Event Handler with Higher-Order Functions

class EventBus {
  final _handlers = <String, List<void Function(Map<String, dynamic>)>>{};

  // Register a handler (returns an unsubscribe function)
  void Function() on(String event, void Function(Map<String, dynamic>) handler) {
    (_handlers[event] ??= []).add(handler);

    // Return a function that removes this handler
    return () {
      _handlers[event]?.remove(handler);
    };
  }

  // Register a one-time handler
  void once(String event, void Function(Map<String, dynamic>) handler) {
    late void Function() unsubscribe;
    unsubscribe = on(event, (data) {
      handler(data);
      unsubscribe();
    });
  }

  // Emit an event
  void emit(String event, [Map<String, dynamic> data = const {}]) {
    final handlers = _handlers[event];
    if (handlers != null) {
      // Create a copy to avoid modification during iteration
      for (final handler in List.from(handlers)) {
        handler(data);
      }
    }
  }
}

void main() {
  final bus = EventBus();

  // Register handlers
  final unsub = bus.on('user:login', (data) {
    print('User logged in: ${data['name']}');
  });

  bus.on('user:login', (data) {
    print('Send welcome email to ${data['email']}');
  });

  // One-time handler
  bus.once('user:login', (data) {
    print('First login bonus for ${data['name']}!');
  });

  // Emit events
  bus.emit('user:login', {'name': 'Edrees', 'email': 'edrees@example.com'});
  // User logged in: Edrees
  // Send welcome email to edrees@example.com
  // First login bonus for Edrees!

  print('---');
  bus.emit('user:login', {'name': 'Ahmed', 'email': 'ahmed@example.com'});
  // User logged in: Ahmed
  // Send welcome email to ahmed@example.com
  // (No bonus -- once handler was removed)

  // Unsubscribe first handler
  unsub();
  print('---');
  bus.emit('user:login', {'name': 'Sara', 'email': 'sara@example.com'});
  // Send welcome email to sara@example.com
  // (Only second handler remains)
}

Summary

Higher-order functions are at the heart of functional programming in Dart.

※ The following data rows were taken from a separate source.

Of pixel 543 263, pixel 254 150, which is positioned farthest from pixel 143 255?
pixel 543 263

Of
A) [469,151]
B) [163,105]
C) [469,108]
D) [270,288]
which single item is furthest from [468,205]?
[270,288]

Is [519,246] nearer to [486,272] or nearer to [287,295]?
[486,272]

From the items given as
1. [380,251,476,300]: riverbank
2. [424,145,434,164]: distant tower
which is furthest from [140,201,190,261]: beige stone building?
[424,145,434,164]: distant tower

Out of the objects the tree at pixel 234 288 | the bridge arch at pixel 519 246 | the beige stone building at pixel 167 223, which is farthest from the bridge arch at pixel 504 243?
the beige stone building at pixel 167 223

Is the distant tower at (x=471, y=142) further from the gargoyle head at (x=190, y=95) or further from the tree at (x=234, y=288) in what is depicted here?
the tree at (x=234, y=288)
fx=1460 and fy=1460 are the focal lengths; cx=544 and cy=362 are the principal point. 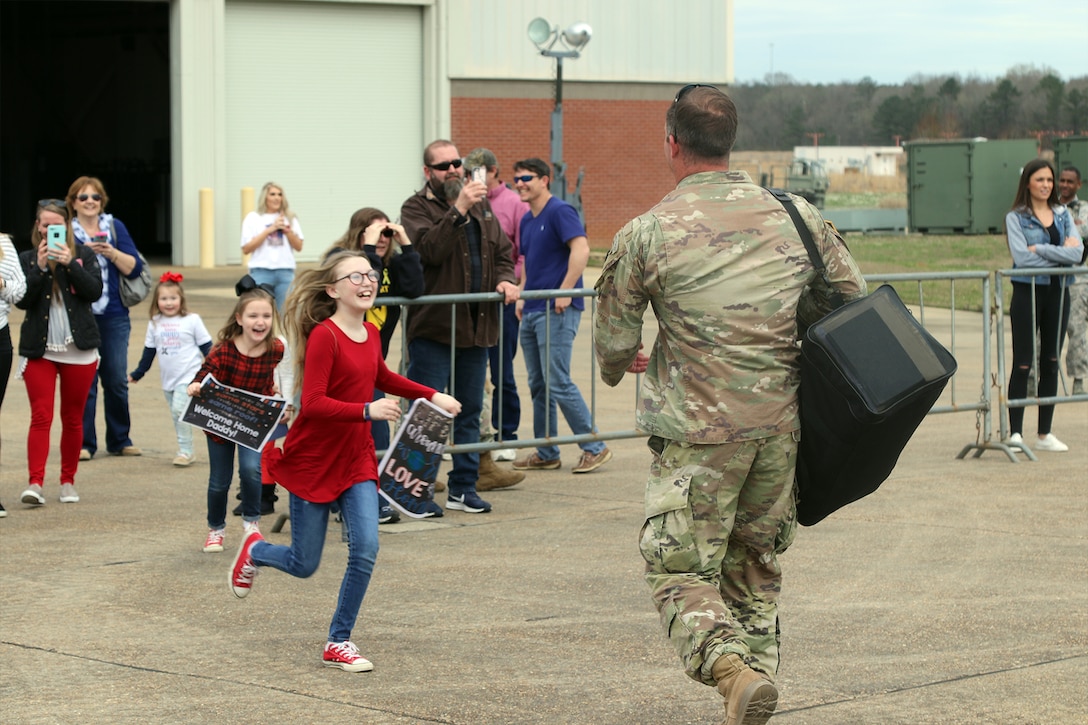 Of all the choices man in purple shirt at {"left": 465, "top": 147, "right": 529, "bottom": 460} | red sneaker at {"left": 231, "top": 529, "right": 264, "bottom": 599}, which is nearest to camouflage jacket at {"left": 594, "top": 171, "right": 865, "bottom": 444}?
red sneaker at {"left": 231, "top": 529, "right": 264, "bottom": 599}

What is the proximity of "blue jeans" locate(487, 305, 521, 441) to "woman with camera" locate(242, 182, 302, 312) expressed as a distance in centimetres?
385

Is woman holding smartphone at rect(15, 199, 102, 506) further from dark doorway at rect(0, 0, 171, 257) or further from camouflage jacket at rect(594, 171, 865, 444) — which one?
dark doorway at rect(0, 0, 171, 257)

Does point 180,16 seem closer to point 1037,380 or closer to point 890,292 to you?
point 1037,380

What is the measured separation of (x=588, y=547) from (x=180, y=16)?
904 inches

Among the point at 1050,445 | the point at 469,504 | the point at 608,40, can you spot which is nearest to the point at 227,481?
the point at 469,504

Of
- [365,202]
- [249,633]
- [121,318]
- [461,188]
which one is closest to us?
[249,633]

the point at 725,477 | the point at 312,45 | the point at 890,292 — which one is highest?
the point at 312,45

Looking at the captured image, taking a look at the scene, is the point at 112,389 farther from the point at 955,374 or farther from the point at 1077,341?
the point at 1077,341

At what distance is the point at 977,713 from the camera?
192 inches

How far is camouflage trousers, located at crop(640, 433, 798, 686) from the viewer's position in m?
4.15

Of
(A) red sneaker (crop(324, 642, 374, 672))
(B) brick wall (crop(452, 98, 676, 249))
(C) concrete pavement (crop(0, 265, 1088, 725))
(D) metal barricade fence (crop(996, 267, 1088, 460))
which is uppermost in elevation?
(B) brick wall (crop(452, 98, 676, 249))

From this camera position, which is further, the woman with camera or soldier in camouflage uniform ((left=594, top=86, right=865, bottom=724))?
the woman with camera

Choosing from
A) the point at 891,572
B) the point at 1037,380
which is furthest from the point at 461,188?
the point at 1037,380

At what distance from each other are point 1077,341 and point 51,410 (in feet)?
24.6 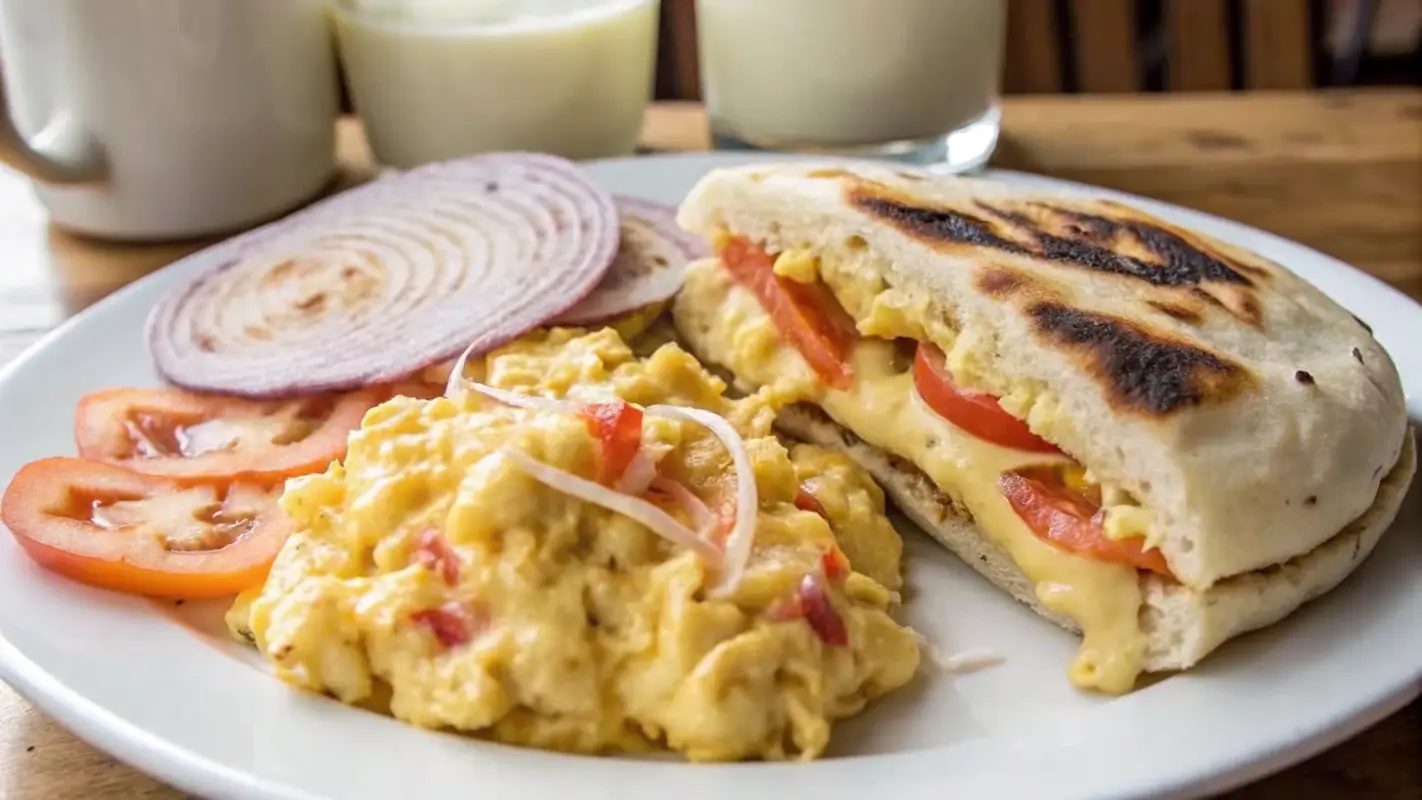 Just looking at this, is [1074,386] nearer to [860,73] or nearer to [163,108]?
[860,73]

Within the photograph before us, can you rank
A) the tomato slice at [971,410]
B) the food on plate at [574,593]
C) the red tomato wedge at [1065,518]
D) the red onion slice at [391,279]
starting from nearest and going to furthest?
the food on plate at [574,593], the red tomato wedge at [1065,518], the tomato slice at [971,410], the red onion slice at [391,279]

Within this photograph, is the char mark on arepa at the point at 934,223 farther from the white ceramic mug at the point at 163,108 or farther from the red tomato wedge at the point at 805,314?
the white ceramic mug at the point at 163,108

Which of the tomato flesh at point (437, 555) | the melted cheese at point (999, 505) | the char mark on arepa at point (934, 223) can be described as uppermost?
the char mark on arepa at point (934, 223)

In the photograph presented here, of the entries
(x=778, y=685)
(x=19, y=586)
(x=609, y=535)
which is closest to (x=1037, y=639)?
(x=778, y=685)

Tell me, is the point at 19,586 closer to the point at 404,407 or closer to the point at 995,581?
the point at 404,407

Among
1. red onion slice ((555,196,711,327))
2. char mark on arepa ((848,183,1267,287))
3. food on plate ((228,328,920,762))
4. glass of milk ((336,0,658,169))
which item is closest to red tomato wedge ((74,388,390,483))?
food on plate ((228,328,920,762))

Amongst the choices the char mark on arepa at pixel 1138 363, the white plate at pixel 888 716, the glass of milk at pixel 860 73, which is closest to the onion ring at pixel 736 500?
the white plate at pixel 888 716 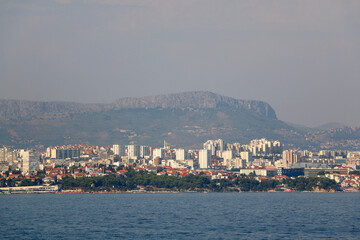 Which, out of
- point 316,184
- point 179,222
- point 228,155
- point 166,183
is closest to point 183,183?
point 166,183

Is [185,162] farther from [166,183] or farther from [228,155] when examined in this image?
[166,183]

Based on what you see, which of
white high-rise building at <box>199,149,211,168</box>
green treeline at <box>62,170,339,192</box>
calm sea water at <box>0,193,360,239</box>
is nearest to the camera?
calm sea water at <box>0,193,360,239</box>

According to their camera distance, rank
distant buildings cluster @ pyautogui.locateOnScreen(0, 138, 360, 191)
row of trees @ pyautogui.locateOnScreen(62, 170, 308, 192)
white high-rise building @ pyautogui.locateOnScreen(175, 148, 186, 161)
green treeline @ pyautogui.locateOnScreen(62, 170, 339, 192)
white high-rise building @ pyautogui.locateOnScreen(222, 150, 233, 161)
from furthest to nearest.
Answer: white high-rise building @ pyautogui.locateOnScreen(175, 148, 186, 161), white high-rise building @ pyautogui.locateOnScreen(222, 150, 233, 161), distant buildings cluster @ pyautogui.locateOnScreen(0, 138, 360, 191), green treeline @ pyautogui.locateOnScreen(62, 170, 339, 192), row of trees @ pyautogui.locateOnScreen(62, 170, 308, 192)

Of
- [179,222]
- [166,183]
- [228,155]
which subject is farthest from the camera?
[228,155]

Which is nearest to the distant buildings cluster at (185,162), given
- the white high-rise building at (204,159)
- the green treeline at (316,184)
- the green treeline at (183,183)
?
the white high-rise building at (204,159)

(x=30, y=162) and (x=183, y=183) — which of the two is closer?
(x=183, y=183)

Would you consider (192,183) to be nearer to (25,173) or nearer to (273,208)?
(25,173)

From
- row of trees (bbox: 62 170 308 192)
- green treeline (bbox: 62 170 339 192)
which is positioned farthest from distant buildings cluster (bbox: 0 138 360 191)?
row of trees (bbox: 62 170 308 192)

By treating functions as first-class citizens, you can write highly reusable, composable, and testable code. Master map(), where(), reduce(), and fold() for collection processing. Use function composition and closures for building pipelines, middleware chains, and event systems. Remember: prefer for-in loops over forEach() when you need break, continue, or await. Higher-order functions are not just a technique -- they are a way of thinking that leads to cleaner, more maintainable Dart code.

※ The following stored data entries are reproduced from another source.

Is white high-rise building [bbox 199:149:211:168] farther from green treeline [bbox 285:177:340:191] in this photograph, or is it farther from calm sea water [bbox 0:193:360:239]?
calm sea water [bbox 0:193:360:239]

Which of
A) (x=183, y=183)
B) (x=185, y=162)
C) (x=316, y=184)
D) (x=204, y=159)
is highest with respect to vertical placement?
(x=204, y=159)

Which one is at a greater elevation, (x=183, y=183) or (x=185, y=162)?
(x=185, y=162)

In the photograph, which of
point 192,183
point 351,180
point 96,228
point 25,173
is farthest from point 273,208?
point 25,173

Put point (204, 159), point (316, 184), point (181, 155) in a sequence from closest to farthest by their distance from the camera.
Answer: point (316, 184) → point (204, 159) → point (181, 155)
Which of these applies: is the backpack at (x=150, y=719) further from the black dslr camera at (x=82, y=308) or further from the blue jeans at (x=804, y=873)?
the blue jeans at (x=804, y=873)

Tip: When chaining multiple collection operations (.where().map().fold()), be mindful that each operation creates a new lazy iterable. If you need to reuse intermediate results, call .toList() to materialize the iterable. Otherwise, chaining is efficient because lazy evaluation means elements are processed one at a time through the entire chain, without creating intermediate lists in memory.